Bonus: Connect to Google Sheets or Airtable

For real-world use, you’d likely want to store your CRM data somewhere more reliable than a local CSV.

You can:

  • Use gspread to connect to Google Sheets

  • Use pyairtable to update Airtable

  • Or plug into Supabase for a full-stack backend

You Did It

You just built a fully functional CRM dashboard in Streamlit — with filtering, search, and interaction — all in under 30 minutes of code.

It may not replace HubSpot (yet), but it’s yours. And it’s extendable.

Need to add analytics? Easy.
Want to assign owners? Go for it.
Thinking of email integration? Zapier + Gmail = done.
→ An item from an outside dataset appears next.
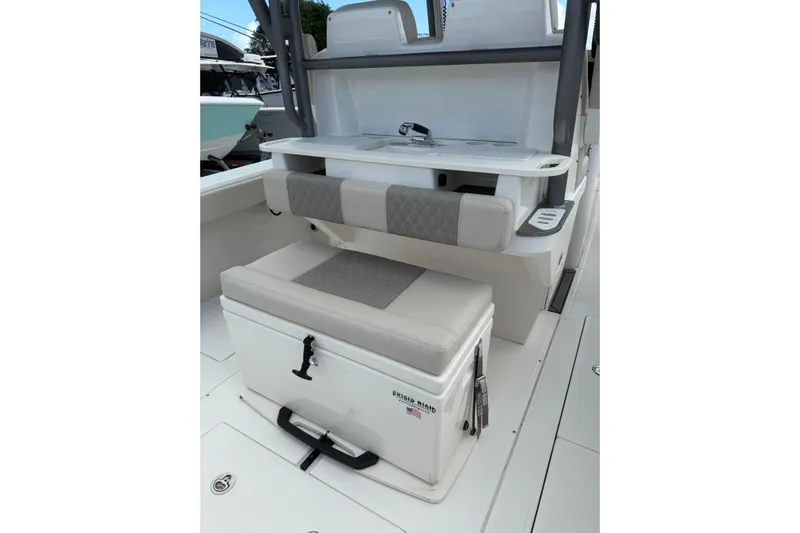  Yacht Photos Pics 2023 Solace 32 CS boat interior with cushioned seating and storage.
You now have the bones of a product.

Final Thoughts

What makes this tutorial different isn’t just that it works. It’s that it gives you ownership.

Tools like Streamlit are what let technical founders, indie hackers, and early startup teams move fast without cutting corners. You’ve turned a chaotic CSV into a structured app — and you didn’t even need React.

So go ahead. Add this to your portfolio. Use it in your startup. Or rebuild it for something bigger.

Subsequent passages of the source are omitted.